- [AIM OF THE TASK] Every record below should be printed exactly, except for the pictures.

Crawled caption data:
=======
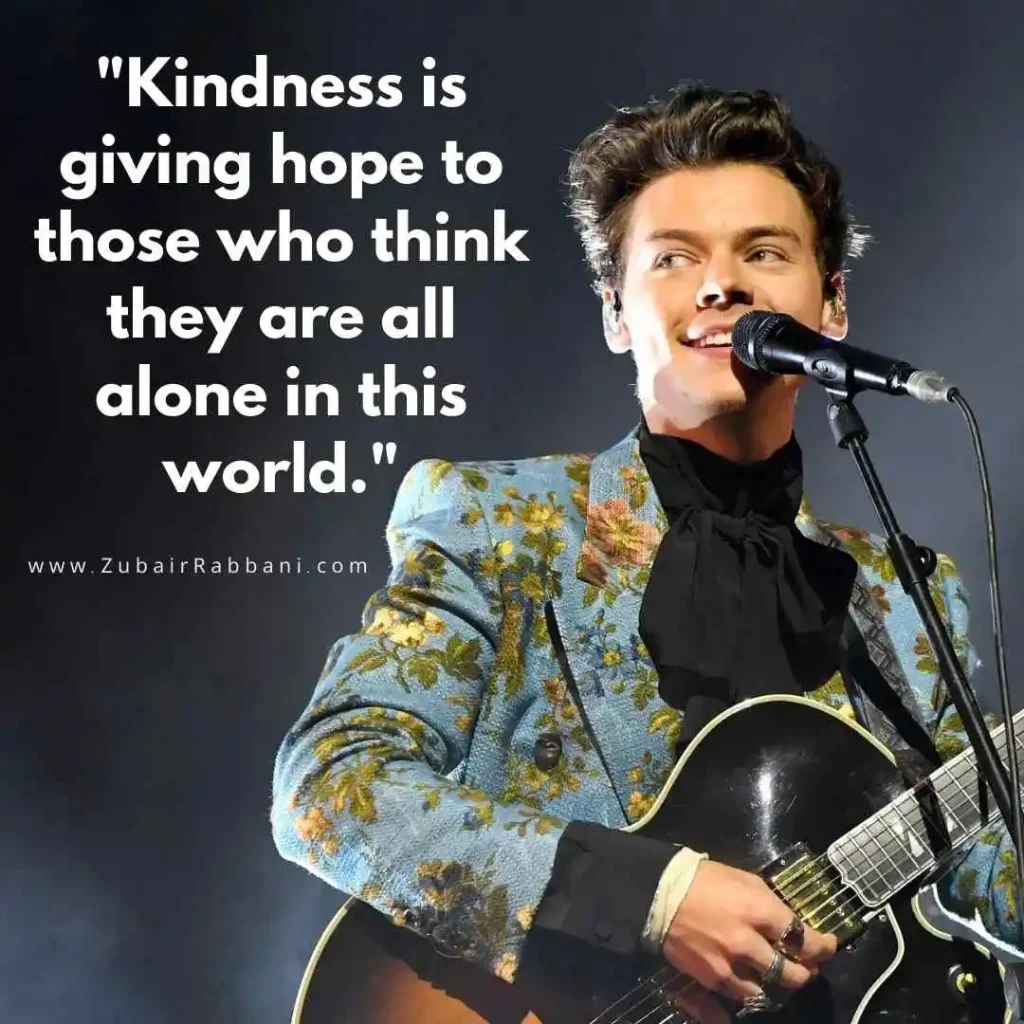 Harry Styles Quotes About Kindness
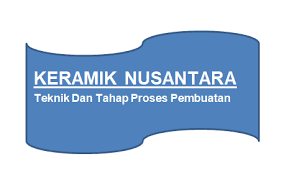 Maybe you would like to learn more about one of these? Teknik Dan Tahap Proses Pembuatan Keramik Nusantara Materi Pelajar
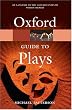 The Oxford Guide to Plays (Oxford Paperback Reference)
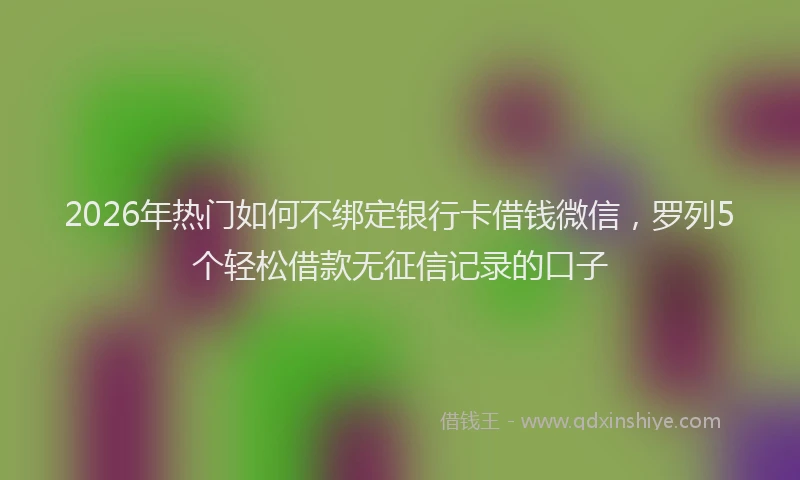 2026年热门如何不绑定银行卡借钱微信，罗列5个轻松借款无征信记录的口子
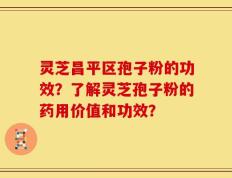 灵芝昌平区孢子粉的功效？了解灵芝孢子粉的药用价值和功效？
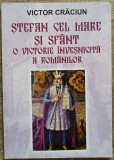 Stefan cel Mare si Sfant, o victorie invesnicita a romanilor - Victor Craciun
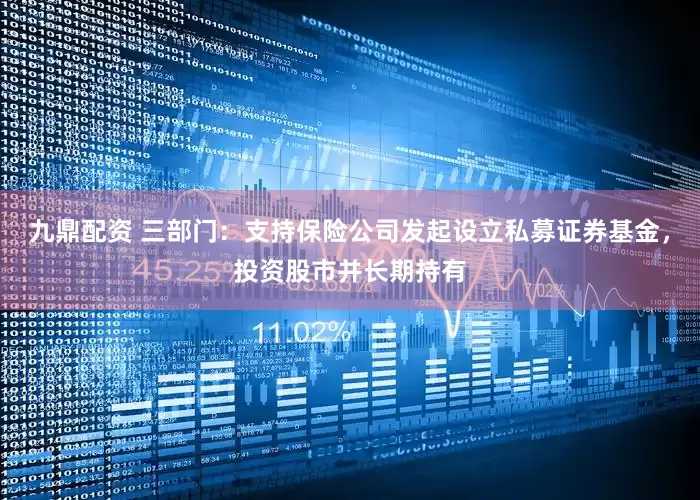 九鼎配资 三部门：支持保险公司发起设立私募证券基金，投资股市并长期持有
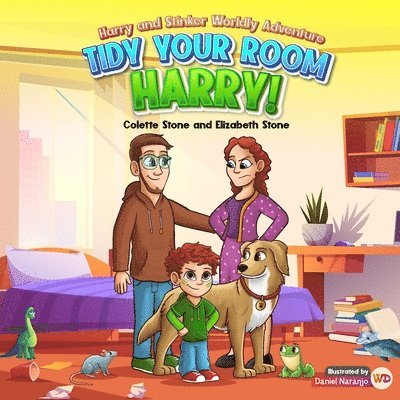 Elizabeth Stone, Colette Stone - Tidy Your Room, Harry, Häftad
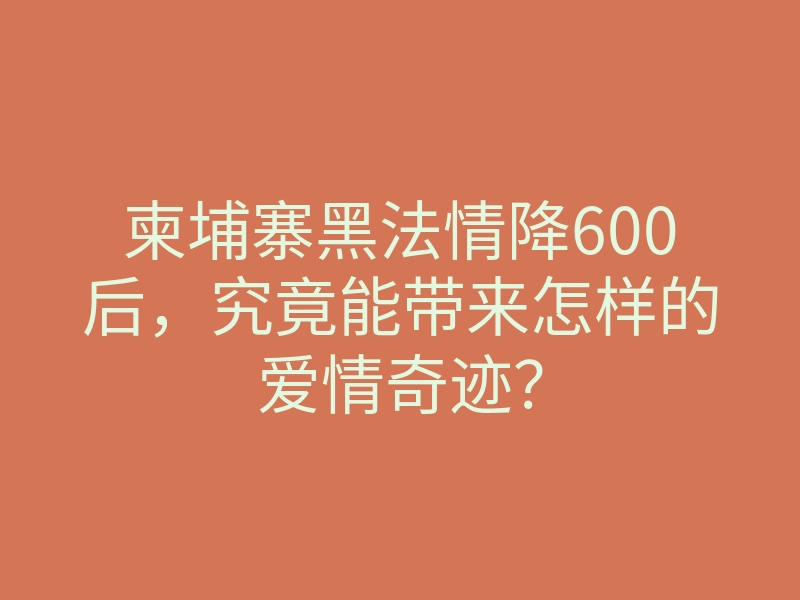 柬埔寨黑法情降600后,究竟能带来怎样的爱情奇迹?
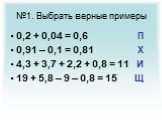 №1. Выбрать верные примеры. 0,2 + 0,04 = 0,6 П 0,91 – 0,1 = 0,81 Х 4,3 + 3,7 + 2,2 + 0,8 = 11 И 19 + 5,8 – 9 – 0,8 = 15 Щ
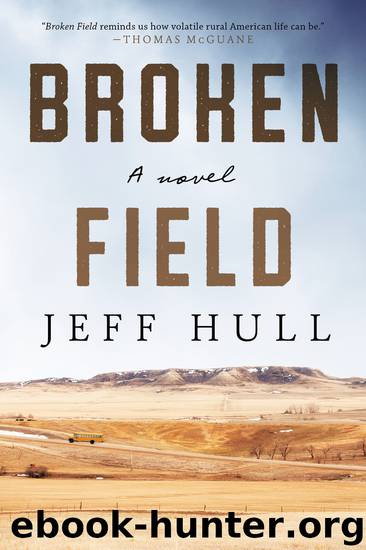 Broken Field by Jeff Hull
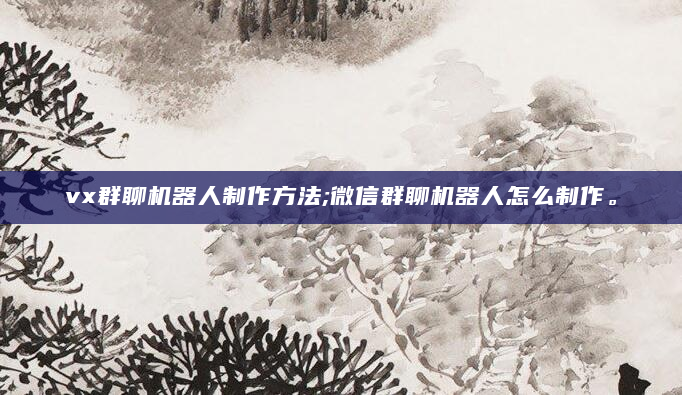 vx群聊机器人制作方法;微信群聊机器人怎么制作。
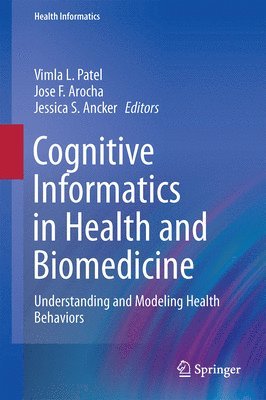 Vimla L. Patel, Jose F. Arocha, Jessica S. Ancker - Cognitive Informatics in Health and Biomedicine, Inbunden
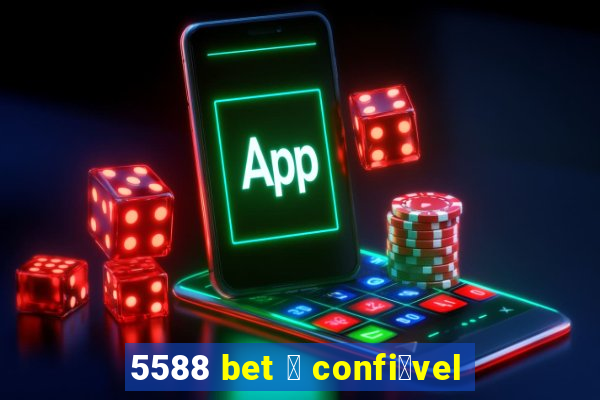 5588 bet 茅 confi谩vel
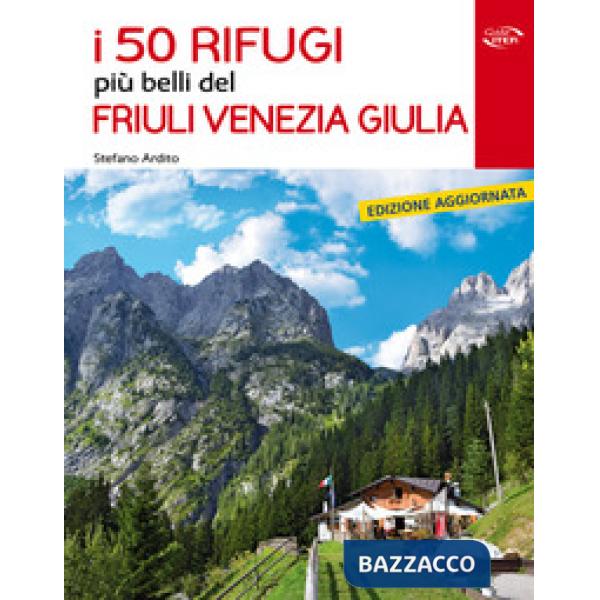 50 rifugi più belli del Friuli Venezia Giulia (I)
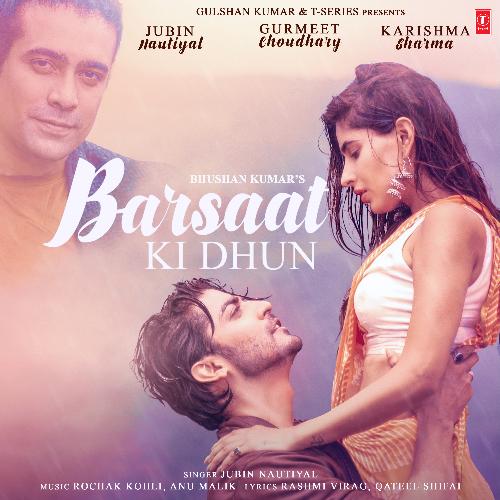 Barsaat Ki Dhun - Rochak Kohli, Jubin Nautiyal, Anu Malik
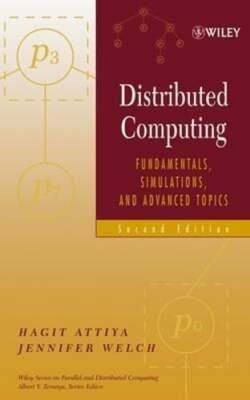 Distributed Computing: Fundamentals, Simulations, and Advanced Topics by Attiya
=======
- [ANSWER TO THIS TASK]
 Harry Styles Quotes About Kindness
 Maybe you would like to learn more about one of these? Teknik Dan Tahap Proses Pembuatan Keramik Nusantara Materi Pelajar
 The Oxford Guide to Plays (Oxford Paperback Reference)
 2026年热门如何不绑定银行卡借钱微信，罗列5个轻松借款无征信记录的口子
 灵芝昌平区孢子粉的功效？了解灵芝孢子粉的药用价值和功效？
 Stefan cel Mare si Sfant, o victorie invesnicita a romanilor - Victor Craciun
 九鼎配资 三部门：支持保险公司发起设立私募证券基金，投资股市并长期持有
 Elizabeth Stone, Colette Stone - Tidy Your Room, Harry, Häftad
 柬埔寨黑法情降600后,究竟能带来怎样的爱情奇迹?
 №1. Выбрать верные примеры. 0,2 + 0,04 = 0,6 П 0,91 – 0,1 = 0,81 Х 4,3 + 3,7 + 2,2 + 0,8 = 11 И 19 + 5,8 – 9 – 0,8 = 15 Щ
 Broken Field by Jeff Hull
 vx群聊机器人制作方法;微信群聊机器人怎么制作。
 Vimla L. Patel, Jose F. Arocha, Jessica S. Ancker - Cognitive Informatics in Health and Biomedicine, Inbunden
 5588 bet 茅 confi谩vel
 50 rifugi più belli del Friuli Venezia Giulia (I)
 Barsaat Ki Dhun - Rochak Kohli, Jubin Nautiyal, Anu Malik
 Distributed Computing: Fundamentals, Simulations, and Advanced Topics by Attiya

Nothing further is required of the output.